Leader of the House, Grace Fu, has issued an ‘apology notice’ to another Workers’ Party member of parliament, Sylvia Lim. Ms Fu’s notice is the second one of a similar kind issued to opposition parliamentarians in as many months. In January 2018, Ms Fu asked non-constituency MP Leon Perera to apologise for misrepresenting the facts and misleading Parliament at a sitting of the House in November 2017.
This time, Ms Fu (who is also the Minister for Culture, Community and Youth) asked Ms Lim to withdraw her “allegations” that the government had “floated test balloons” about the Good and Services Tax (GST) hike coming between 2021 and 2025.
Lim had said earlier that the Government had floated “trial balloons” on a possible tax hike but possibly backed down after the public noted Deputy Prime Minister Tharman Shanmugaratnam’s comments in 2015 that the Government has enough revenue for the next decade.
Ms Lim stood her ground and refused to retract and apologise for her comments, even when she was pressed by the Finance Minister as well as the Home & Law Affairs Minister.
She asked: “I clearly said that it was my suspicion…it’s my honest suspicion, am I not entitled to have a view?” Ms Lim’s boldness in the House has earned her the praise of Singaporeans, for not cowing to “intimidation tactics”.
Ms Fu in giving Ms Lim a Thursday deadline (by the end of Parliament’s sitting for the Committee of Supply debates) to withdraw her “allegations”, said: “Ms Lim was suggesting that the Government would have raised the GST immediately, if not for the adverse public reaction when it ‘floated’ the suggestion late last year, and if it had not been ‘stuck’ with a previous statement that it had ‘enough money for the decade’. Ms Lim was in effect accusing the Government of being untruthful when it says that it had planned ahead, and that its proposal to raise the GST between 2021 and 2025 was the result of such planning.”

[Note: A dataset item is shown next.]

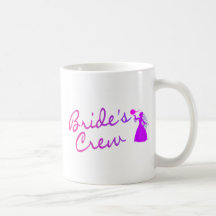 Equipo de las novias tazas de café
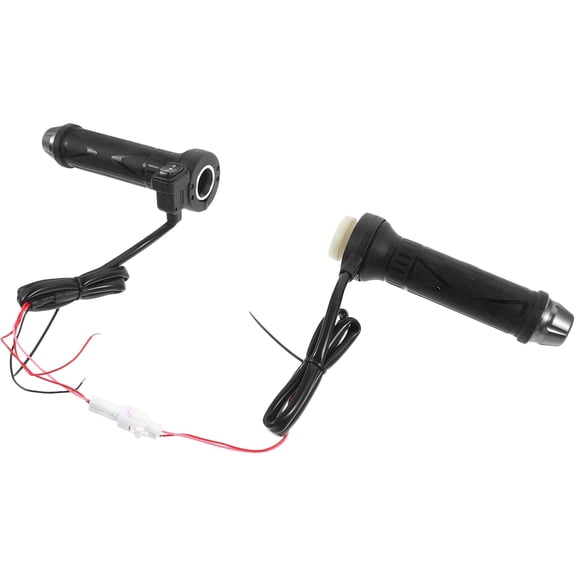 IDEANATEGRATE 2Pcs Black Heated Motorcycle Grips for Hands Protection in Winter and Cold Weather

Ms Fu added that Ms Lim cannot contend that her suspicion remains “reasonable and honestly held”.
“Her allegations have been refuted, the facts she cited have been shown to be inaccurate, and she has not raised any further facts to substantiate her ‘suspicion’. However, Parliamentary privilege does not entitle MPs to knowingly maintain allegations that have been shown to have no factual basis.”
It is unclear how Ms Lim will respond to the charges against her by the Leader of the House. But WP’s Leon Perera eventually apologised for claiming Mediacorp edited Parliament video. He however maintained that he “did not deliberately misrepresent the facts of that incident to this House.”
Socio-political observer Leong Sze Hian had previously condemned such notices to apologies. He said: “only a free and unfettered debate in Parliament can ensure that policies are subject to comprehensive and diverse review, on a continuing basis.”
In 1986, the former chief of Workers’ Party JB Jeyaretnam (JBJ) was referred to the Parliamentary Committee of Privileges for refusing to apologise for alleging in the House that the Government influenced the judiciary.
In what was described as the ‘longest verbal battle’ lasting two-and-three-quarter hours, the late opposition stalwart refused to apologise to then-PM Lee Kuan Yew. Despite repeated demands by Mr Lee, JBJ held that the Government had a hand in the transfer of a former district judge.
Mr Lee later referred to JBJ’s allegation as a ‘smear’ on the government and described JBJ as a “dishonorable man” who refused to apologise for the grave mistake he made.